Segment Start: Dataset records

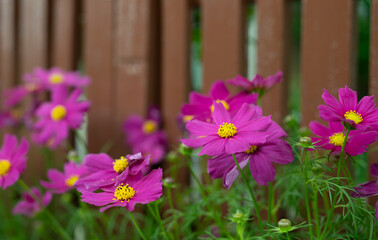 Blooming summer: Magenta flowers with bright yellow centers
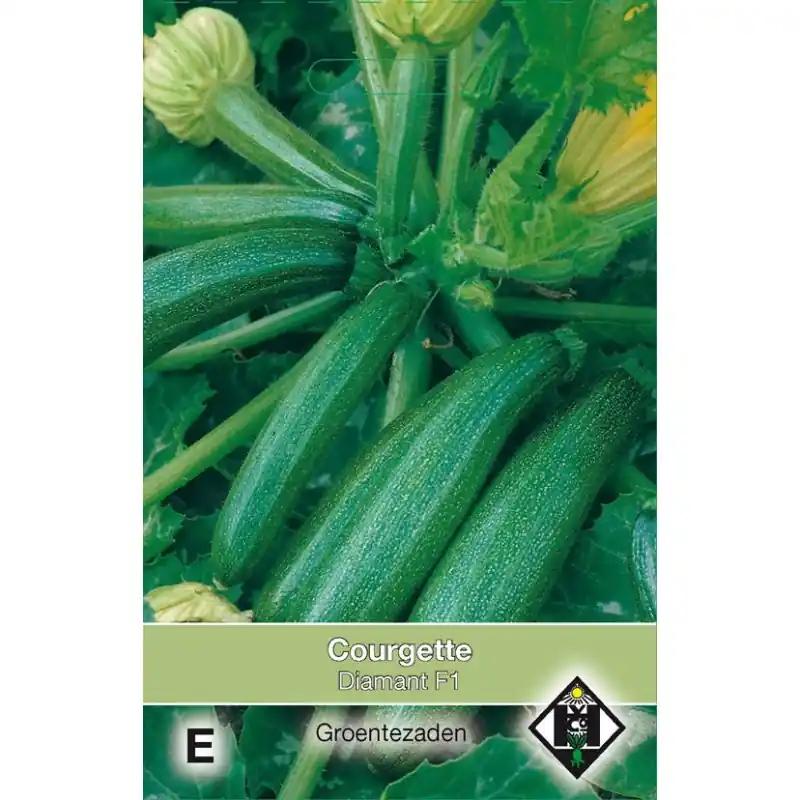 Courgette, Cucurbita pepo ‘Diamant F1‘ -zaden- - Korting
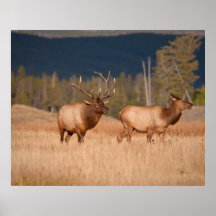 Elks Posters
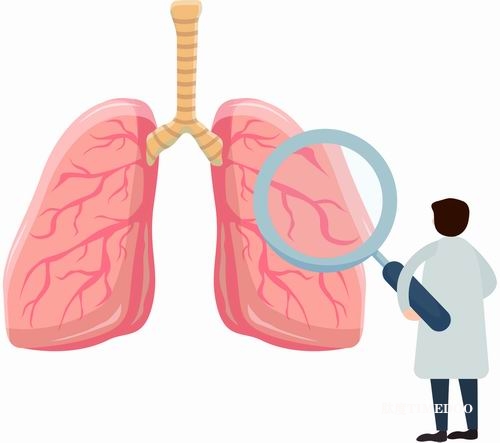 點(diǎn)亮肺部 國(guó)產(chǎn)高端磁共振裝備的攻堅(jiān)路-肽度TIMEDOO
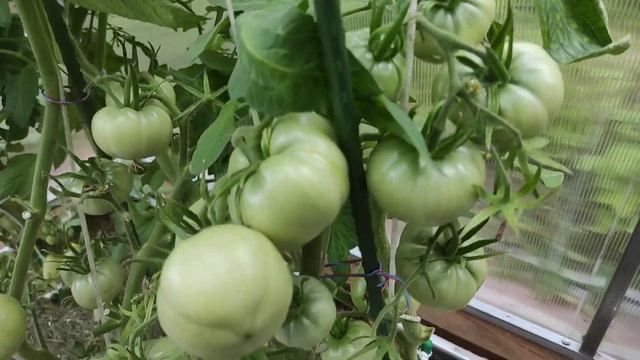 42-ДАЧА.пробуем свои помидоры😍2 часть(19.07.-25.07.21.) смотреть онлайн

Segment End: Dataset records
Segment Start: Dataset records

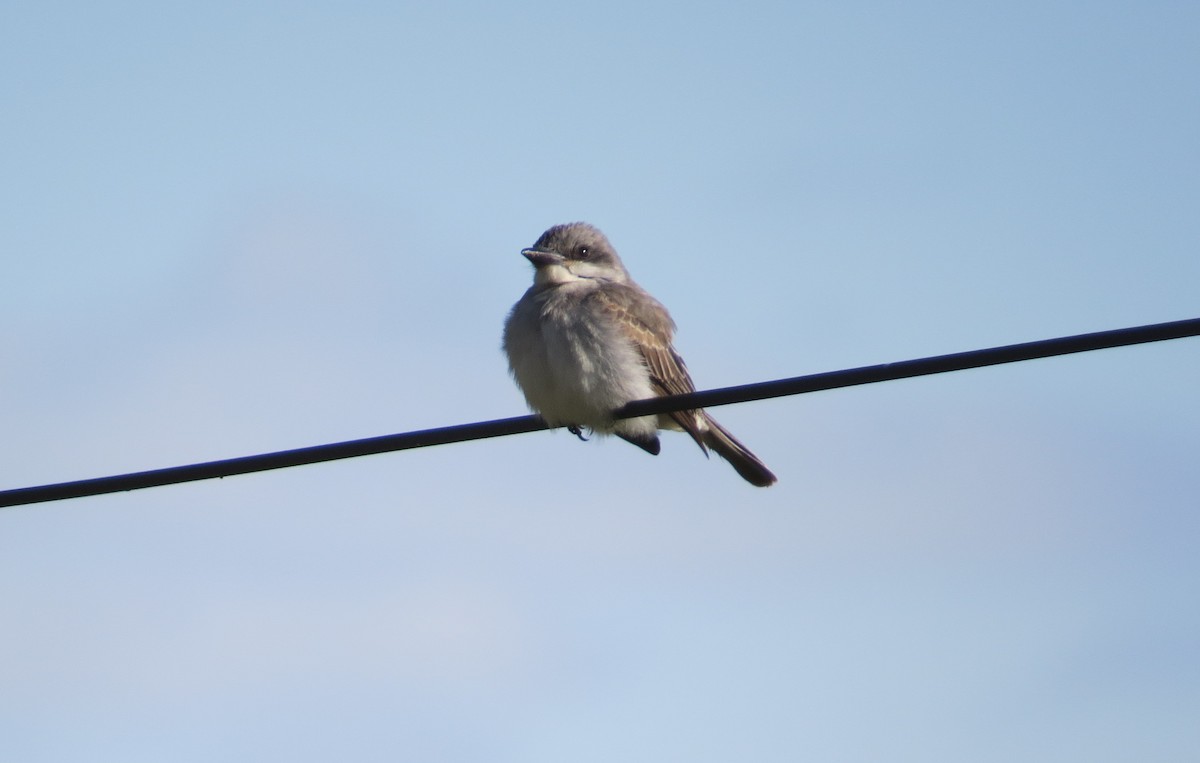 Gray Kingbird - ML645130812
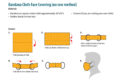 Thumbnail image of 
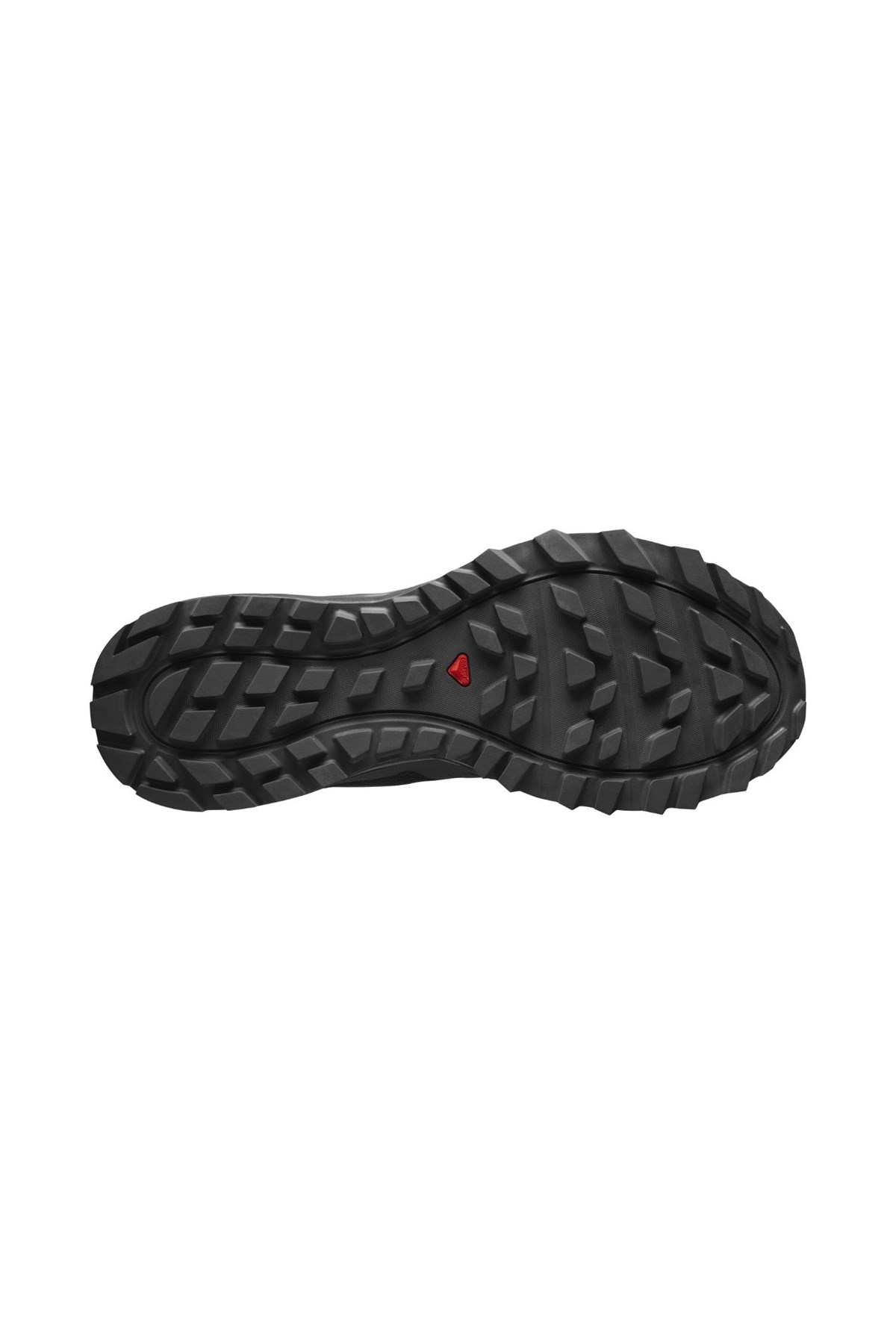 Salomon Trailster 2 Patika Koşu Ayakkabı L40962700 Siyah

Segment End: Dataset records

Task directions: Copy only what lies between the line with "Elks Posters" and the line with "42-ДАЧА.пробуем свои помидоры😍2", those two lines included, exactly as given above; pictures stay out.

Task solution:
 Elks Posters
 點(diǎn)亮肺部 國(guó)產(chǎn)高端磁共振裝備的攻堅(jiān)路-肽度TIMEDOO
 42-ДАЧА.пробуем свои помидоры😍2 часть(19.07.-25.07.21.) смотреть онлайн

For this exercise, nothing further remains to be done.